Such rituals, conducted with senior officials and other Kim family members, are highly choreographed and among the most important in the calendar of the world’s only hereditary communist state. This year, though, there was a slight variation: Kim’s daughter Kim Ju Ae was pictured at the very centre, between her father and mother Ri Sol Ju.

Her positioning at the heart of the family appeared to be the latest stage in a process of introducing her as a possible future heir to North Koreans and the world.

Kim Ju Ae, who is believed to be 13 or 14 years old, has appeared at intercontinental ballistic missile launches, ceremonial parades showcasing the navy and factory inspections.

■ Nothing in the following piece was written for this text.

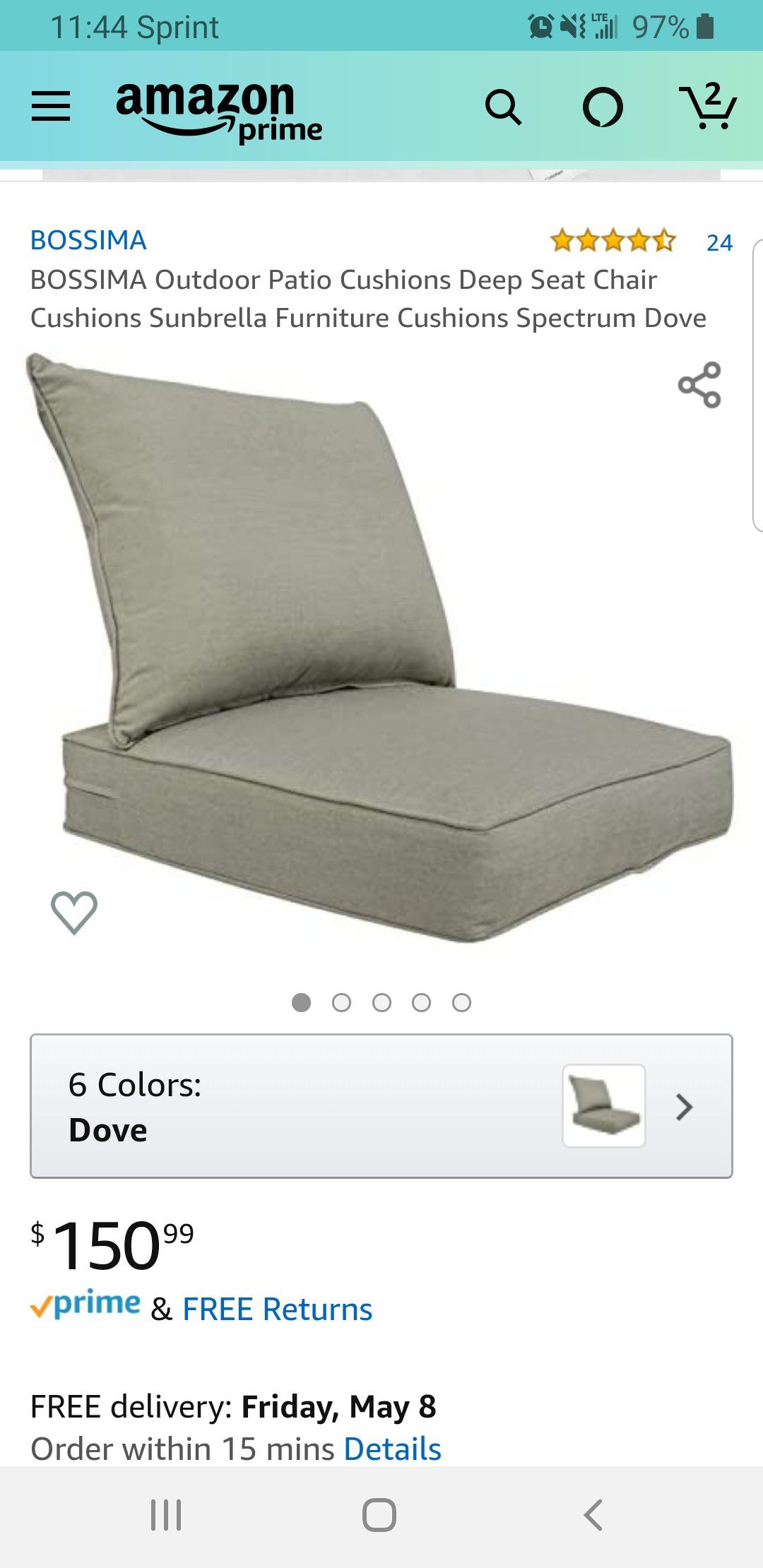 1 Set(pillow and seat) BOSSIMA Outdoor Patio Cushions Deep Seat Chair Cushions Sunbrella Furniture Cushions Spectrum Dove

She has driven a tank and fired guns, and senior generals have been photographed kneeling to brief her.

Her “sustained public appearances as well as the evolution in her public profile in recent years seem to point to a deliberate, long-term effort to prime the North Korean people for fourth-generation hereditary succession”, said Rachel Minyoung Lee of the Washington-based Stimson Center.

Many North Korea experts, including South Korea’s National Intelligence Service, now conclude that Kim Jong Un is building his daughter up for leadership. Kim is still in his early forties, but it is believed that the early start is a result of his own rushed, bloody rise to absolute power in the late 2000s and early 2010s.

Kim Jong Un was Kim Jong Il’s third son, and had spent part of his childhood at an international school in Switzerland. While his father viewed him as having the character needed for leadership, he was completely unknown to the North Korean public — until Kim Jong Il suffered a stroke in 2008. This necessitated quick preparation for succession in 2011.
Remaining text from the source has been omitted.